La seconda parte del documentario è un capolavoro di montaggio e di tensione. Fogel, con un coraggio e una lucidità ammirevoli, capisce che il suo progetto iniziale è morto e che tra le mani ha qualcosa di infinitamente più grande. Fa fuggire Rodchenkov negli Stati Uniti e si barrica con lui in un appartamento, trasformando la sua camera da presa nell'unico confessionale possibile per un uomo che possiede segreti in grado di umiliare una superpotenza mondiale. È qui che il film assume le sembianze di un thriller politico anni '70. Le sequenze in cui Rodchenkov, davanti a un computer, spiega meticolosamente come scambiava le provette di urina contaminata attraverso un buco nel muro del laboratorio di Sochi durante le Olimpiadi del 2014, hanno la stessa potenza claustrofobica delle rivelazioni di "Gola Profonda" in Tutti gli uomini del presidente. Non è più sport, è spionaggio. La precisione dei dettagli – i cocktail di steroidi sciolti nel Chivas, i codici segreti dell'FSB, le liste di atleti "protetti" – costruisce un'architettura della menzogna così vasta e perfetta da essere quasi ammirevole nella sua diabolica ingegnosità.

Il titolo, Icarus, si carica di significati sempre più profondi. Chi è Icaro? È Fogel, che con la sua ambizione amatoriale si è avvicinato troppo al sole della geopolitica?
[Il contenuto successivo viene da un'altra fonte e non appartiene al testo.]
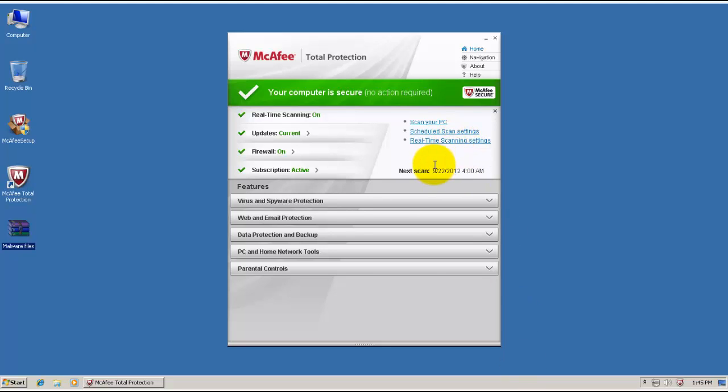Hello everybody. Welcome to my second review for today. This will be about McAfee Total Protection 2013.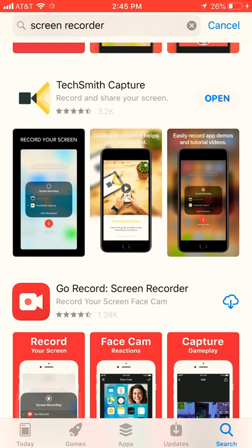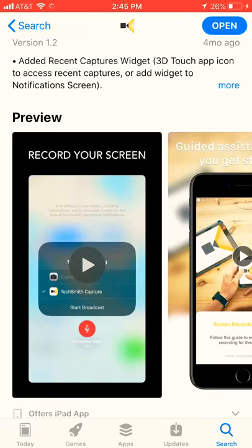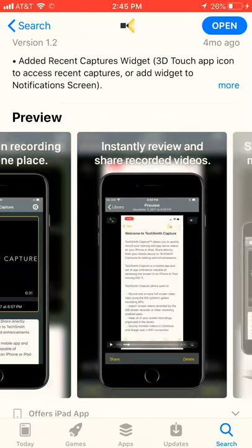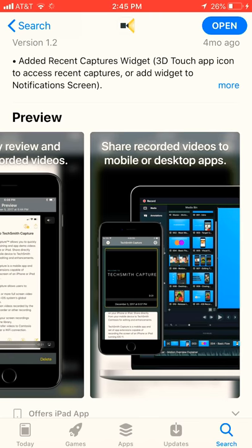It allows you to record your screen for gameplays, tutorials, and anything.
O è Rodchenkov, il genio che ha costruito le ali di cera per un'intera nazione e che, nel rivelare il suo stesso inganno, precipita da un'altezza vertiginosa, perdendo tutto – patria, famiglia, identità? O forse, Icaro è l'ideale olimpico stesso, un mito di purezza e lealtà che si è sciolto a contatto con il calore rovente del nazionalismo e del potere. Il film non offre risposte facili, ma lascia che queste domande risuonino a lungo.
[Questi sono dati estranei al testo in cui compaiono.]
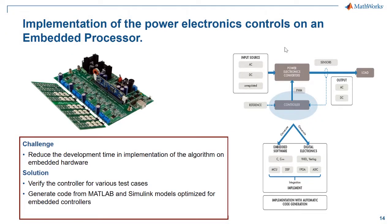To summarize the presentation, we saw how you can address the challenge of reducing development time by generating C code from the models onto a TI controller.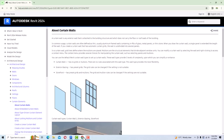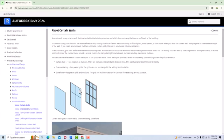From the Autodesk website: a curtain wall is an exterior wall attached to the building structure that does not carry the floor or roof loads. Curtain Wall 1 has no grids or mullions — it is just a plain panel. Exterior Glazing has preset grids which can be changed. Storefront has both preset grids and mullions, and both can be modified if the settings are not suitable.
Ciò che eleva Icarus al di sopra di una semplice inchiesta giornalistica è la sua involontaria natura meta-testuale. È un film sulla serendipità, sulla capacità del reale di superare qualsiasi sceneggiatura. Fogel non ha mai pianificato di dirigere un thriller. È inciampato nella Storia, e la sua più grande abilità è stata quella di non intralciarla, di lasciarla fluire attraverso il suo obiettivo, diventando egli stesso un personaggio secondario nella sua opera. Il vero protagonista è il processo stesso della rivelazione, la trasformazione di un uomo, Rodchenkov, da ingranaggio del sistema a suo sabotatore. La sua testimonianza non è quella di un eroe senza macchia; è la confessione complessa e dolente di un uomo che, messo alle strette, sceglie la verità non per idealismo puro, ma forse per istinto di sopravvivenza, per un ultimo, disperato atto di autoaffermazione contro lo Stato che prima lo ha usato e poi lo ha condannato.
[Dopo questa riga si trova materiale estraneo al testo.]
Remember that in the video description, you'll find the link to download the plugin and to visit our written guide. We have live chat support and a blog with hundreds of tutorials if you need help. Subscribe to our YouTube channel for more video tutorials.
Inserito nel contesto socio-culturale della seconda metà degli anni Duemiladieci, Icarus è più di un documentario sportivo. È un sintomo perfetto delle nuove guerre fredde, combattute non più con le testate nucleari ma con le informazioni, gli attacchi informatici e la propaganda. La vicenda che racconta è l'eco, in ambito sportivo, di una tensione geopolitica globale, dove la verità è diventata un campo di battaglia. Il film cattura questo zeitgeist con una forza accidentale che nessun'opera di finzione avrebbe potuto replicare. Non prende posizione politica, non emette sentenze storiche; si limita a documentare, con agghiacciante lucidità, la caduta di un uomo e, con essa, la frantumazione di un'illusione collettiva.

Alla fine, la piccola, egoistica ricerca di Bryan Fogel sulla possibilità di barare in una gara di ciclismo si dissolve, inghiottita da una storia che parla di potere, menzogna e del prezzo indicibile della verità. Icarus è un trionfo non pianificato, un incidente cinematografico di rara potenza. È la dimostrazione che a volte le storie più incredibili non sono quelle che cerchiamo, ma quelle da cui veniamo trovati. Un'opera che, nata per volare basso, finisce per toccare il sole, bruciarsi e precipitare, lasciando dietro di sé non ceneri, ma la luce abbagliante di una verità scomoda e necessaria.